The main issues to me are:
1) How much per kW-h is the additional cost now and projected into the future compared to current costs.
2) Is that additional cost worth the benefit of relatively polution
free energy?
The first question is easy to answer so somebody please do it.
The second one is open to many opinions, but depends on the first.
a resident of Another Palo Alto neighborhood
on Aug 20, 2012 at 7:53 pm
> However, with 10 and 20 year contracts for the rooftop solar,
Ah .. and who is going to sign these contracts .. promising to be in business in 20 years? Or even living in the same house, or living in Palo Alto 20 years from now?
How many businesses sign 20-year contracts for anything? That time frame is simply too far out.
a resident of Barron Park
on Aug 21, 2012 at 11:09 am
Agree with Bob and Green Energy Professional. Let's try to get rid of UUT and ever escalating rates. I see people using very little energy and water and paying more and more because of all the fixed/ever increasing personnel costs. And I think those neighbor comparison letters are an incredible waste..they make little sense since there are vastly different numbers of people living in homes.
a resident of St. Claire Gardens
on Aug 21, 2012 at 3:02 pm
....thought Palo Alto residents were all in favor of outsourcing city jobs? Now that the the Palo Alto Utilities Dept. is largely outsourced to private contractors and run by unqualified managers transferred over from Public Works after the last utilities dept. scandel a couple of years ago, all of a sudden residents are complaining about the outsourced help. Guess residents (53% who are renters according to the 2010 census) just like complaining about everything and anything.
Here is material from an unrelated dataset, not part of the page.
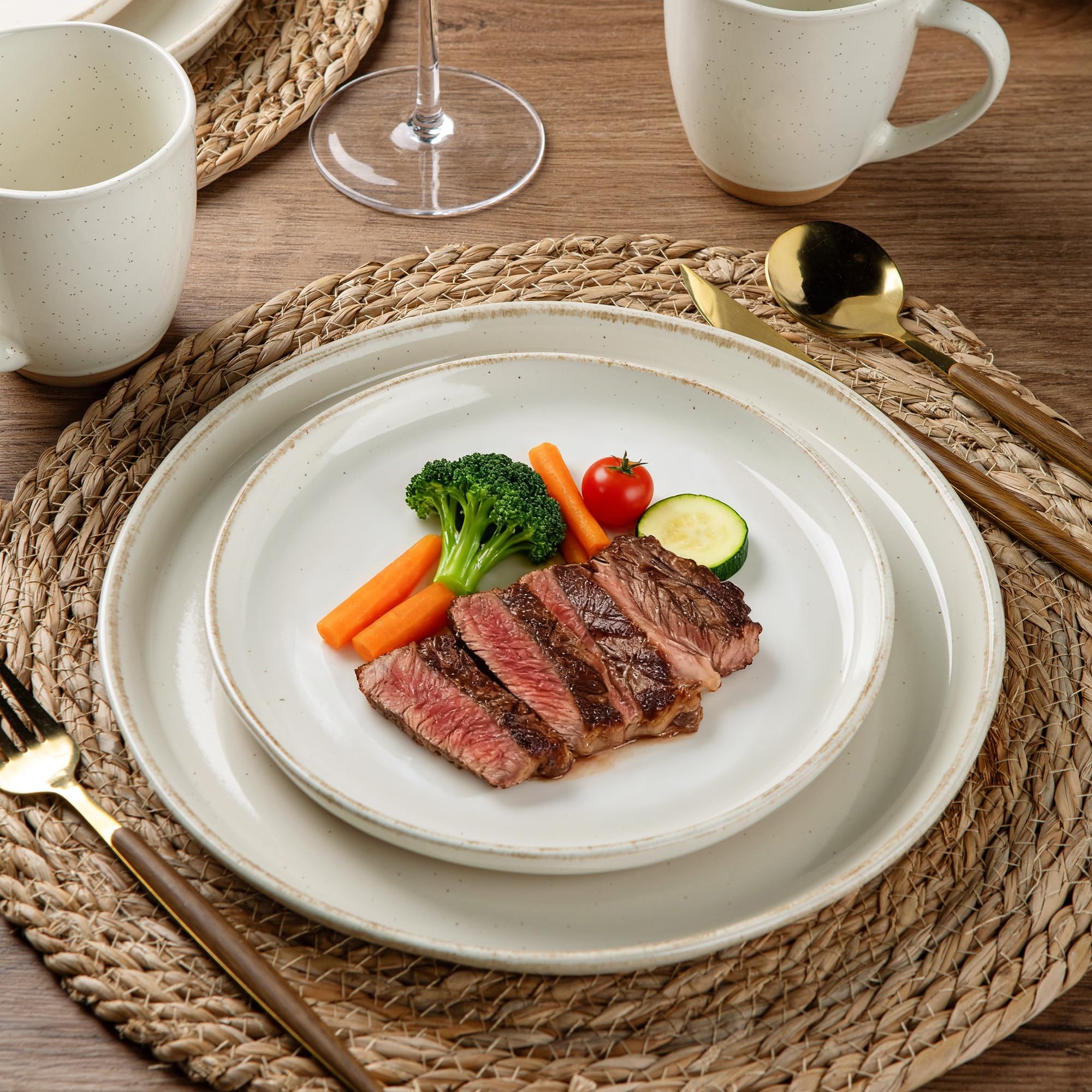 AmorArc Dinnerware Sets for 6, 24 Pieces Ceramic Plates and Bowls Set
What a pity!
a resident of another community
on Aug 21, 2012 at 5:04 pm
PGE rates for electricity per kwh:
Tier 1: $0.1228
Tier 2: $0.146
Tier 3: $0.299
Tier 4: $0.339
Tier 5: $0.339
a resident of Another Palo Alto neighborhood
on Aug 22, 2012 at 9:18 am
> Now that the the Palo Alto Utilities Dept. is largely
> outsourced to private contractors
Can't see any complaints about outsourcing in the reader postings on this topic. While some work has been outsourced to private sector parties, most of the head count is still City employees.
> and run by unqualified managers transferred over from
> Public Works after the last utilities dept. scandel a couple
> of years ago
And even if this were true, what evidence can you provide linking the "unqualified managers" to the topic of low public interest in local solar power generation, or to growing costs of running the Utility?
a resident of Barron Park
on Aug 22, 2012 at 10:20 am
@BP Observer and other posters
Just checked the link given in BP Observer's post to City website regarding the water survey. It says there that the notice that was run in the PAWeekly was run with no consultation with the City. The survey currently being conducted is only a pilot-testing survey with a few Barron Park residents (I am not one who received a notice to participate). You would need a personal ID# to access the online survey, and you would receive that ID# in the City's letter when they mail the survey notice to you. Such a mailing will be done City-wide in months to come. So residents have not been excluded from the mailed or online survey; this time around it is merely a small pilot test involving a small sample or residents in Barron Park.
And in case anyone is wondering, I am not a fan of most of what the City does, but information in some of these posts is just plain wrong. Go to the link and see for yourself: www.cityofpaloalto.org/backflow
a resident of Barron Park
on Aug 22, 2012 at 1:50 pm
Orchid-fan,
I agree that the information on the city's web page is informative - now. This page has been extensively revised since Monday in response to the overload of emails that have been received by "backflow". If this info has been provided in the first place, much confusion could have been avoided.
Additionally, PaloAltoOnline revised their article under the same Aug 17 date without any acknowledgement that it was a correction/clarification or that any sort of change had been made.
Oh well - didn't cost me $250 anyway.